Parker’s first act as chairman was to introduce a resolution honoring Bruce Young, a Huletts Landing resident whom Governor Pataki appointed to the Commission in 1996 and who was the agency’s longest serving chairman.
“During Bruce’s tenure as chairman, the agency put in place groundbreaking protections, among the strongest of any water body in the nation, from storm water management to stream corridor protection and invasive species prevention, among other things,” said Parker.
Parker said Young was instrumental in the effort to secure state funding for the Commission’s new office building, which will also house the Fort George Visitors’ Center.
“This building will stand for decades as a testament to Bruce Young’s vision and leadership,” said Parker.
A native of Saratoga County, Parker and his wife Sandy started sailing on Lake George in 1979. In 1995, they purchased a house on Boon Bay.
“I’ve always felt the lake is the client and everyone who lives around it is its caretaker. So I was happy to be appointed to the Lake George Park Commission. I’ve always believed in giving something back to the community,” said Parker.
For Parker, Lake George is not simply the water, islands and wooded mountainsides. It’s also the people who use it.
“The Park commission is a number of things, one of which is, it’s a regulatory body. I’m not a property rights fanatic, but if someone wants a dock or boat house that won’t harm the environment and has the support of the neighbors, I tend to favor it. But that doesn’t mean we pass out variances like candy. Sometimes you have to say no, and sometimes you can say yes with conditions. And if the applicant accepts those, we are happy to say, ‘Fine. Here’s your permit. Go ahead, do it right, and live your life,” said Parker.
Parker, like every other member of the Lake George Park Commission, is serving an expired term.

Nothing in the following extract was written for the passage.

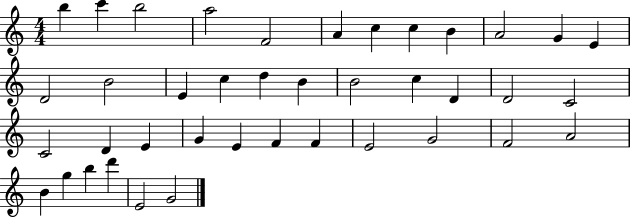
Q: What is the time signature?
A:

He said the current governor has plans to accept the resignations of some members and appoint replacements, whose nominations must be confirmed by the New York State Senate. A prominent local businesswoman is among the names expected to be announced shortly.
As vice-chairman, Parker helped the Lake George Park Commission secure permits from the Department of Environmental Conservation and the Adirondack Park Agency to apply the herbicide ProcellaCOR to two dense beds of Eurasian milfoil in northern Lake George.
The Lake George Park Commission is now waiting upon a decision by the DEC that will allow the Commission to advance its proposed onsite wastewater system regulations.
“This should have been done decades ago,” said Parker. “If we can get everybody to upgrade and update their septic systems, that will be a huge step forward for the lake.”
Parker said he looked forward to continuing to work with the members of the Lake George Park Commission and its staff.
“One of the things I took with me from my years in business was that to be successful, you must surround yourself with people smarter than you. And I was very successful. I listened to people who knew more than me. I’m still doing that. I’m always learning,” said Parker.